▶ **Web page caption snippets**
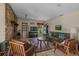 Comfortable living room with a cozy brick fireplace, plush seating, and bright natural light at 1256 Center St, Lake Wales, FL 33859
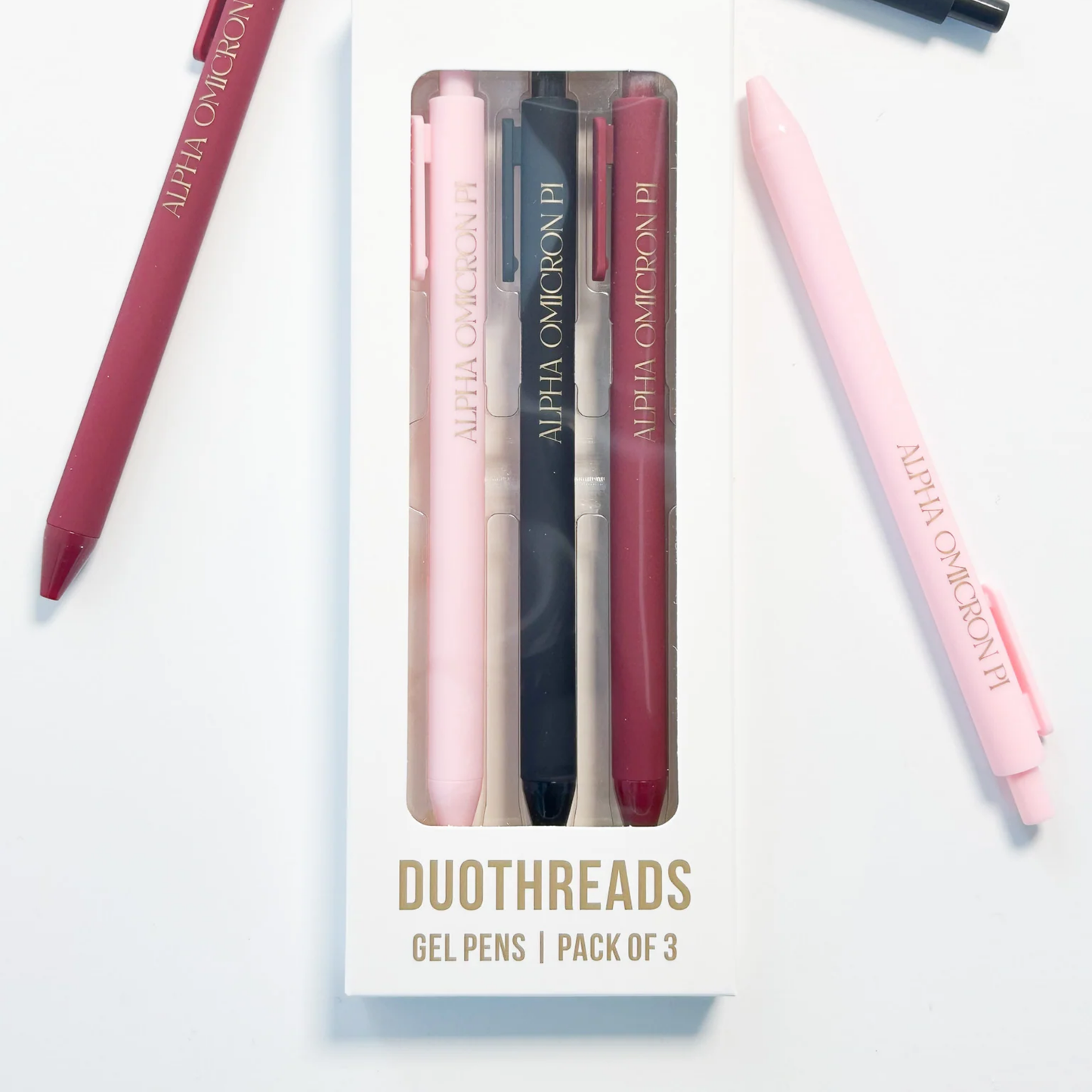 Set of three gel pens in pink, blue, and red with 'Alpha Omicron Pi' branding on a white background.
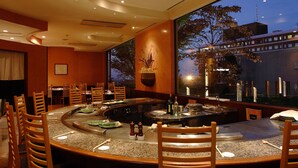 A restaurant with a round table, wooden chairs, and a view of a building outside.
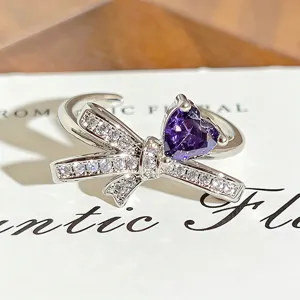 Close-up detail of silver bow open ring featuring sparkling white zircons and purple heart stone.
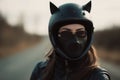 Portrait of a pretty confident woman biker looking at the camera wearing safety helmet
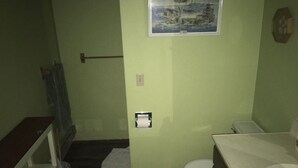 Uma casa de banho pequena com sanita, lavatório e zona de duche.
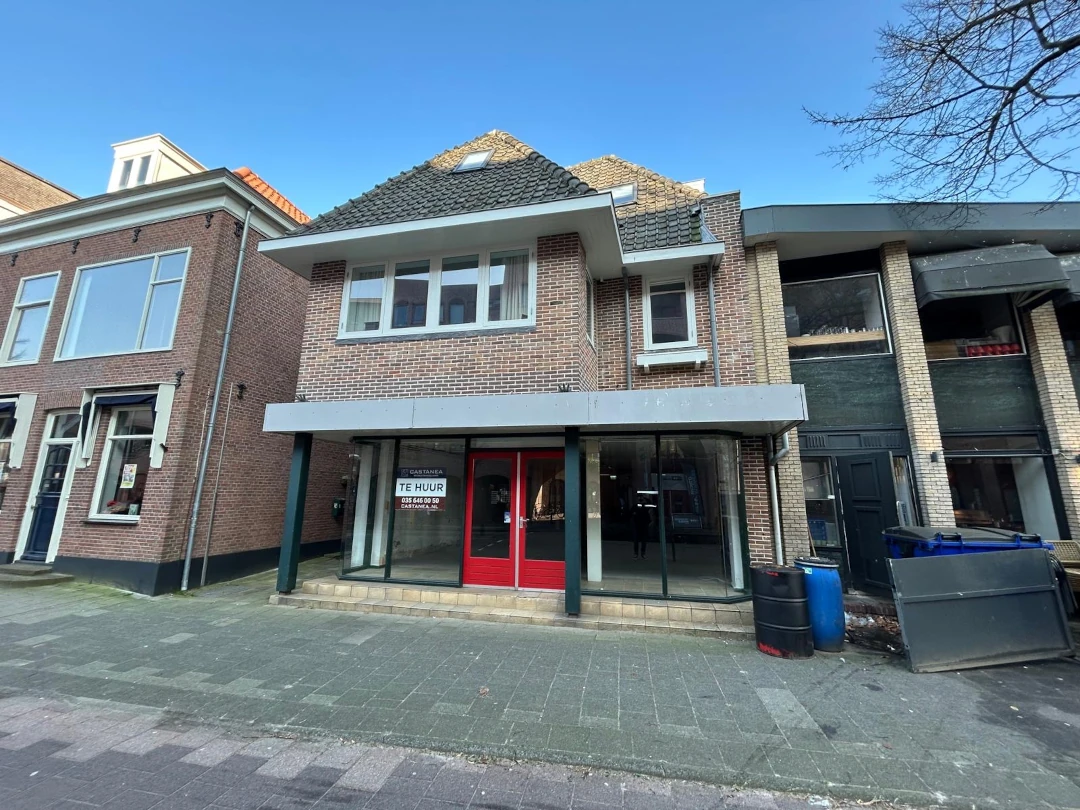 Straatgevel van een winkelgebouw met rode deur, witte luifel en bakstenen voorgevel, naast woningen in een Nederlands dorp.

▶ **Your objective**
Repeat each line word for word, from the one with "Portrait of a" down to the last line of the data, and keep the pictures out of it.

▶ **Output for this exercise**
 Portrait of a pretty confident woman biker looking at the camera wearing safety helmet
 Uma casa de banho pequena com sanita, lavatório e zona de duche.
 Straatgevel van een winkelgebouw met rode deur, witte luifel en bakstenen voorgevel, naast woningen in een Nederlands dorp.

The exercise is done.